Posted by: admin November 29, 2017 Leave a comment

Questions:

I went through this page but I am not able to get the reason for the same . There it is mentioned that

“it is more sensible for it to return no value at all and to require
clients to use front() to inspect the value at the front of the queue”

But inspecting an element from front() also required that element to be copied in lvalue. For example in this code segment

std::queue<int> myqueue;
int myint;
int result;
std::cin >> myint;
myqueue.push (myint);

/* here temporary will be created on RHS which will be assigned to result, and in case
if returns by reference then result will be rendered invalid after pop operation */

result = myqueue.front();  //result.
std::cout << ' ' << result;
myqueue.pop();

on fifth line cout object first creates a copy of myqueue.front() then assigns that to result. So, whats the difference, pop function could have done the same thing.

Answers:

So, whats the difference, pop function could have done the same thing.

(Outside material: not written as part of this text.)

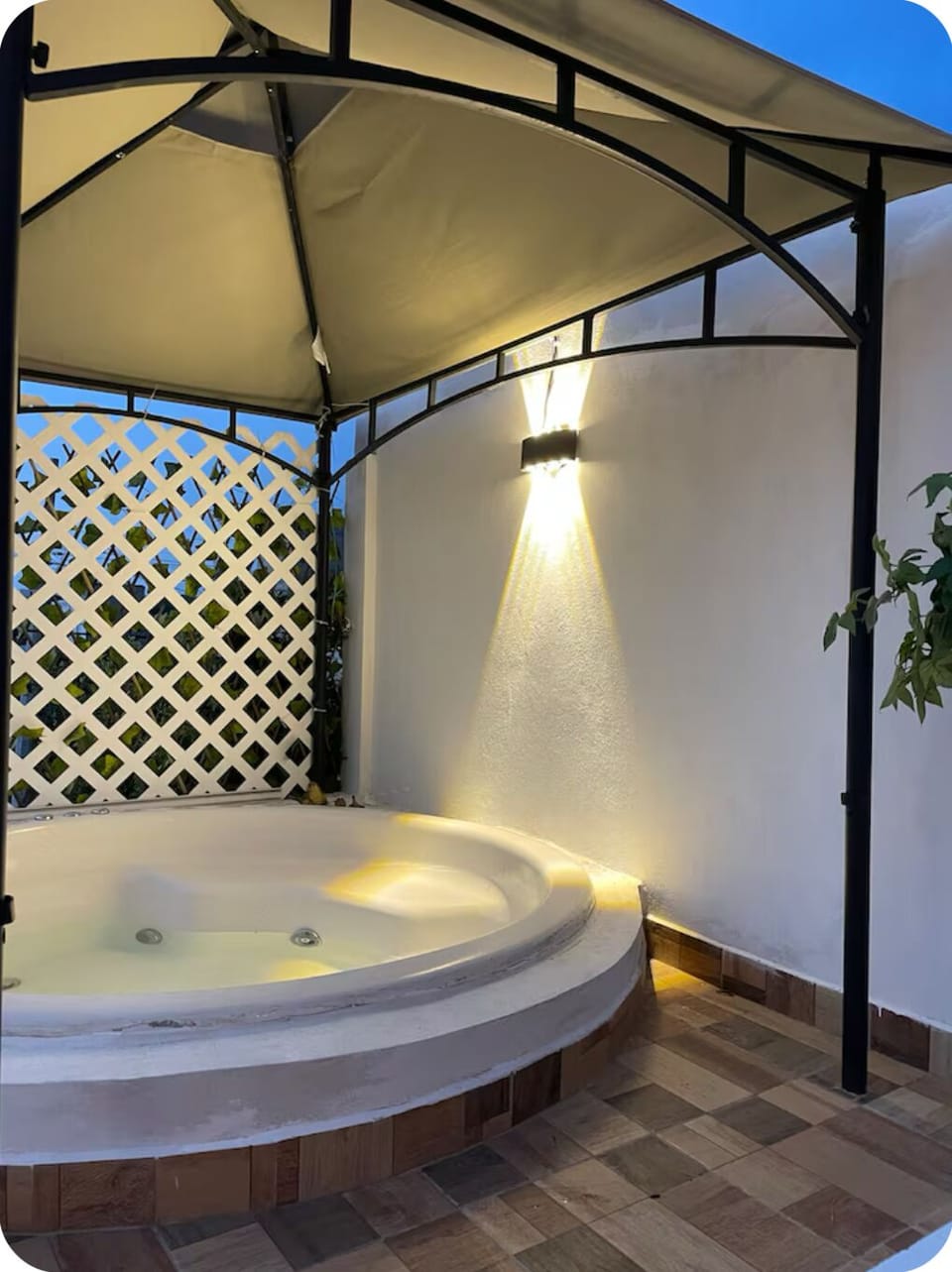 Outdoor spa tub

It could indeed have done the same thing. The reason it didn’t, is because a pop that returned the popped element is unsafe in the presence of exceptions (having to return by value and thus creating a copy).

Consider this scenario (with a naive/made up pop implementation, to ilustrate my point):

template<class T>
class queue {
    T* elements;
    std::size_t top_position;
    // stuff here
    T pop()
    {
        auto x = elements[top_position];
        // TODO: call destructor for elements[top_position] here
        --top_position;  // alter queue state here
        return x;        // calls T(const T&) which may throw
    }

If the copy constructor of T throws on return, you have already altered the state of the queue (top_position in my naive implementation) and the element is removed from the queue (and not returned). For all intents and purposes (no matter how you catch the exception in client code) the element at the top of the queue is lost.

This implementation is also inefficient in the case when you do not need the popped value (i.e. it creates a copy of the element that nobody will use).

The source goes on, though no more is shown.